Pero me he dado cuenta de que esto no corresponde a la realidad. Teníamos amigos misioneros, y cuando yo era niño a menudo nos quedábamos con ellos en la aldea africana. En la ciudad, teníamos empleados africanos que se habían convertido y que eran unos grandes creyentes. Los cristianos siempre eran diferentes. Su fe, lejos de haberlos achantado, parecía haberlos relajado y liberado. Eran personas que tenían una vivacidad, una curiosidad, un compromiso con el mundo y una manera directa de tratar a los demás que parecían estar ausentes en la vida tradicional africana.
Cuando tenía 24 años, un viaje largo por el continente me reafirmó en esta impresión. De Argelia a Níger, Nigeria, Camerún, República Centroafricana, Congo, Ruanda, Tanzania y Kenia. Viajé por tierra en un Land Rover con otros cuatro amigos estudiantes. Cada vez que entramos en un territorio donde había misioneros teníamos que reconocer que algo cambiaba en las caras de la gente que encontrábamos y con los que hablábamos: algo presente en sus ojos, la forma de acercarse a ti directamente, sin bajar la cabeza ni tener la mirada perdida.
Esta vez en Malaui ocurrió lo mismo. No encontré a ningún misionero. Nadie se los encuentra en los salones de los hoteles de lujo discutiendo documentos de desarrollo estratégico, como ocurre con las grandes oenegé. Sin embargo, me di cuenta de que un puñado de los miembros africanos más activos de Pump Aid confesaban, en privado, ser personas de firmes convicciones cristianas.

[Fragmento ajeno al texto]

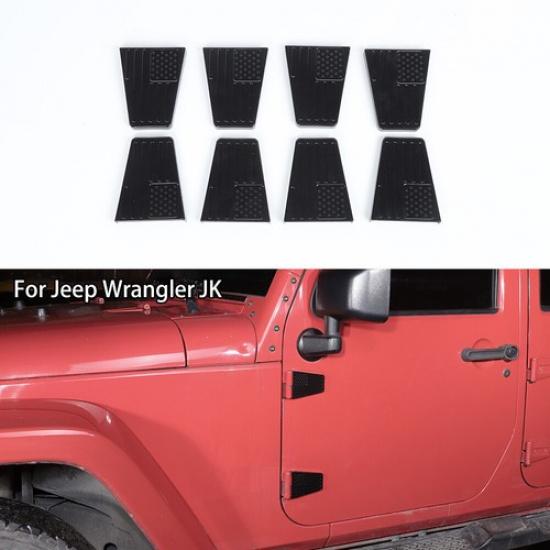 US Flag Exterior Door Hinge Cover Trim For Jeep Wrangler JK 2007-17 Accessories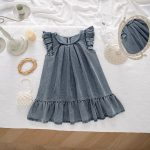 【73-130cm】ワンピース ウォッシュド デニム フリル
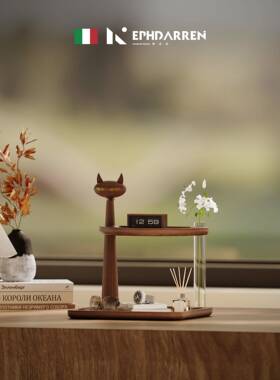 玄关置物架门口钥匙收纳进门摆件实木木质双层化妆品桌面置物托盘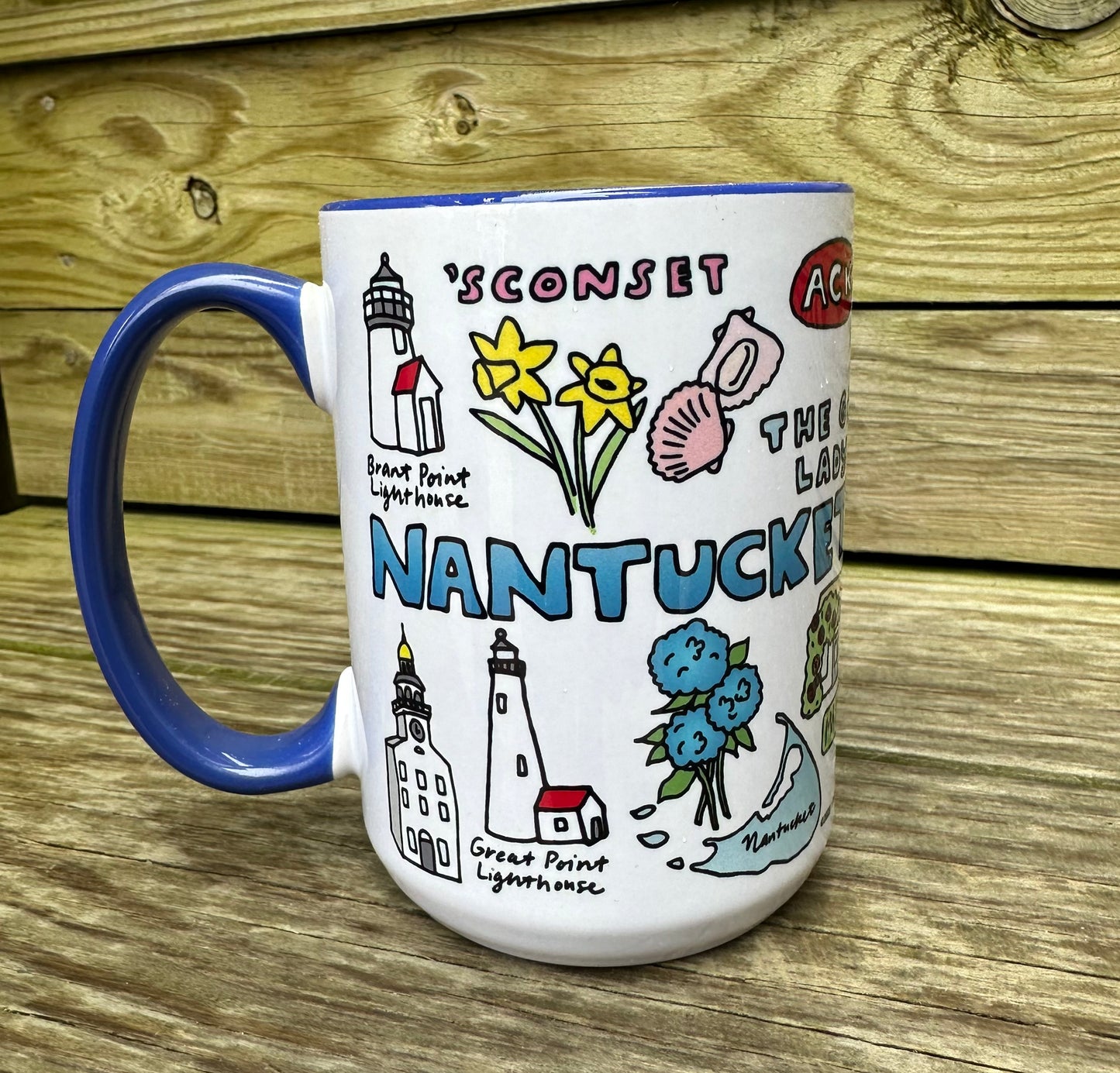 15OZ MUG WITH NANTUCKET ICONS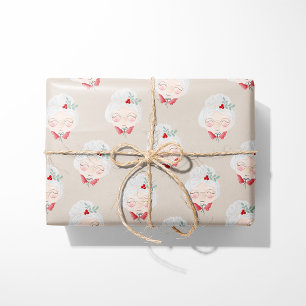Beige Mrs. Claus Faces Christmas Wrapping Paper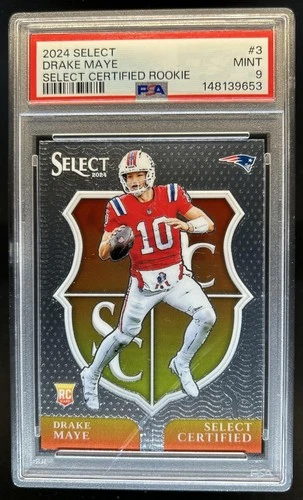 2024 Panini Select Drake Maye Certified Rookies RC Rookie #3 Patriots PSA 9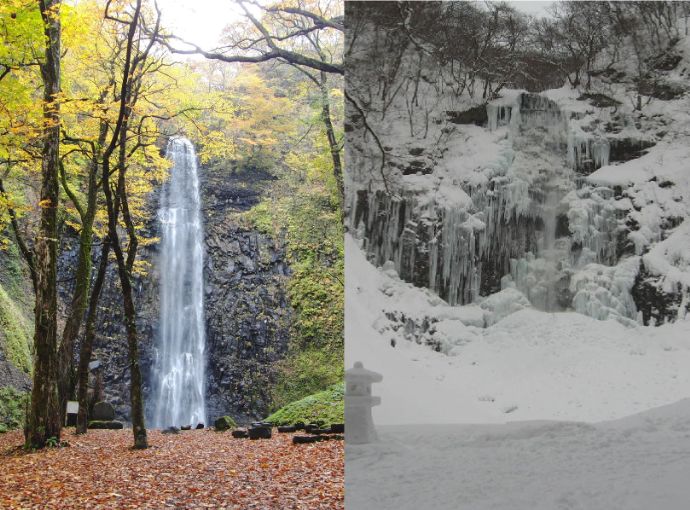 酒田市の玉簾の滝（秋と冬）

Digo «en privado», porque la oenegé es totalmente aconfesional y nunca dicen nada sobre la religión durante su trabajo en las aldeas. Pero recogí algunas referencias sobre el cristianismo durante nuestra conversación. Uno de ellos leía un libro devocional durante el viaje en coche. Otro, los domingos iba a la iglesia para acudir a oraciones que duraban dos horas.
Encajaría mejor en mi mentalidad pensar que la honradez, diligencia y optimismo que derrochaban en su trabajo no tenía conexión con su fe personal. Pero, aunque su trabajo era secular, estaba influido por lo que eran, y su ser estaba influido por una concepción del lugar del ser humano en el universo que les ha enseñado en cristianos.
La ansiedad, el miedo a los malos espíritus… penetra profundamente toda la estructura del pensamiento africano tradicional, donde un enorme peso cae sobre el individuo, sofocando su curiosidad y haciendo que la gente no tome la iniciativa y no lleve las riendas de su vida… El cristianismo, el de después de la reforma y de después de Lutero, con su enseñanza de un vínculo personal y directo entre el individuo y Dios, sin pasar por ninguna otra autoridad humana, rompe este marco filosófico-espiritual, y ofrece una base sobre la que apoyarse a los que quieren liberarse de la mentalidad tribal. Por eso el cristianismo libera.
Los que quieren que África camine con la cabeza alta en el siglo XXI deberían pensar que los medios materiales y lo que llamamos el desarrollo, no efectuarán el cambio por sí mismos. Primero, hay que suplantar todo un sistema de creencias. Un África sin cristianismo dejará el continente a merced de la nefasta fusión entre Nike, el hechicero, el teléfono móvil y el machete».